After the squares turn in, the truest troopers head on down to the local poolhall. I proceed to imbibe further and even manage to turn a few heads with my leet 9-ball skills. It's all good. One thing I do notice is the fact that the city seriously lacks diversity. I began to get the feeling that some locals (not to mention some of my rural coworkers) have never seen someone of my ethnicity. It's not something I've felt in a few years but it's something that's obvious to detect. Oh well... I think I showed them how them ethnics hold it down and get crunk.

We get back to the hotel around 3am or so extremely inebriated. I deperately needed to get to bed but I'm a fucking lush. As soon as I stumble out of the truck Stephen announces he has a cooler full of Bud Lights. Ouch.
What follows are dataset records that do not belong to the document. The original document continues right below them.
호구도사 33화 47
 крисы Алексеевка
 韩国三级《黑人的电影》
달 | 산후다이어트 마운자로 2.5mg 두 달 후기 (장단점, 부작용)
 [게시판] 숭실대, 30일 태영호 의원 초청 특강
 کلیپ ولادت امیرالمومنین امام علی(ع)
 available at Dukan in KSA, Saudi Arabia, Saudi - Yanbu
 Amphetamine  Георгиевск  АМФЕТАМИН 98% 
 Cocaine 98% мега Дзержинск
I'm not much of a lite beer drinker but my dumbass just couldn't turn it down so I proceeded to toss back a couple cold ones while shooting the shit. Don't ever try to out drink a native Arizonian sporting a mullet. You won't be able to hang. After I get back to the room I text an old friend... can't believe she's up and is down to talk for awhile. Finally I crash around 4am.